There is no fee to file under this scheme. The RBI states clearly that there is no charge for a customer to file or resolve complaints under the Integrated Ombudsman Scheme, 2021.
If your loan is from a public-sector bank, that bank is a public authority, so you can also use the Right to Information Act to ask for its education loan policy or the specific moratorium rule applied to your account. For a full walk-through of drafting and appealing such requests, see The RTI Playbook. Note that private banks are not covered by the RTI Act, so this route applies to public-sector lenders only.
Where to start a fresh loan
If you are still choosing a lender, the government-backed Vidya Lakshmi portal at https://www.vidyalakshmi.co.in lets you apply to banks using a single Common Educational Loan Application Form prescribed by the IBA. It was set up under the Department of Financial Services, the Department of Higher Education, and the IBA, and a student can apply to up to three banks through it.
Frequently asked questions
How is interest charged during the moratorium?
Under the IBA model scheme, simple interest is charged during the study period and the moratorium. You are usually not required to pay it month by month, but it accrues and is added to your loan when repayment begins, raising the balance your EMI is based on. Your sanction letter states the exact treatment for your loan.

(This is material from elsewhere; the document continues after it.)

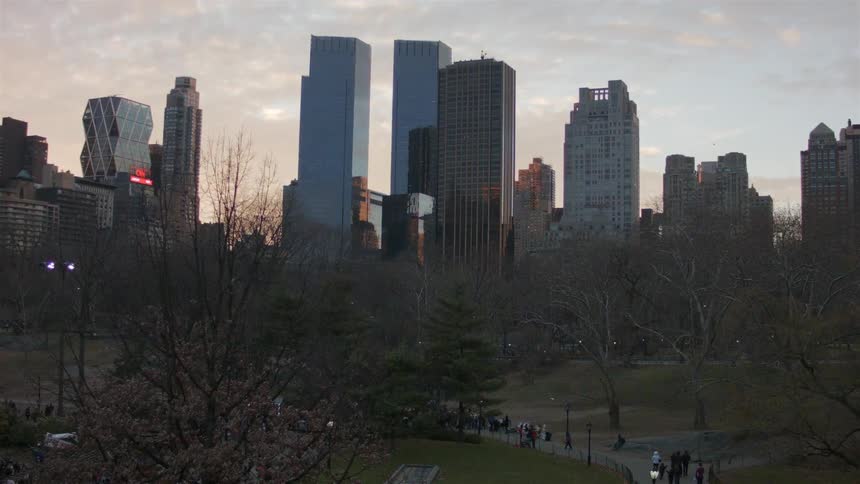 People walking in the city park at sunset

Can my bank ask for EMIs during the moratorium?
If your sanction letter grants a moratorium, the bank should not demand principal EMIs during that period. Servicing interest is optional and lowers your future EMI. If the bank demands payments that contradict your sanctioned terms, that may be a deficiency in service you can challenge with the bank and then the RBI Ombudsman.
When does education loan repayment actually start?
For studies in India under the IBA model scheme, repayment usually starts one year after the course ends or six months after you secure a job, whichever is earlier. For studies abroad, it commonly starts six months after the course ends. Always confirm the exact date in your own sanction letter.
Does the moratorium affect my Section 80E tax benefit?
Section 80E of the Income Tax Act allows a deduction on the interest you pay on an education loan, with no upper limit, for up to eight assessment years. The deduction applies only once you start paying interest, and only individuals can claim it. So if you do not pay interest during the moratorium, the benefit begins when your interest payments do.
How do I escalate if the bank ignores my moratorium?
First complain in writing to the branch and grievance officer and keep your records. If the bank does not reply within 30 days, rejects your complaint, or you are unsatisfied, file with the RBI Ombudsman at https://cms.rbi.org.in or call 14448. There is no fee, and the complaint must be filed within one year of the bank's reply.
Your next steps
- Pull out your sanction letter and read the moratorium and interest clauses today.
- Decide whether servicing the interest during study fits your budget.
- If something looks wrong, complain to your bank in writing and start the 30-day clock.
- Keep every letter and statement, so an RBI Ombudsman complaint, if needed, is quick to file.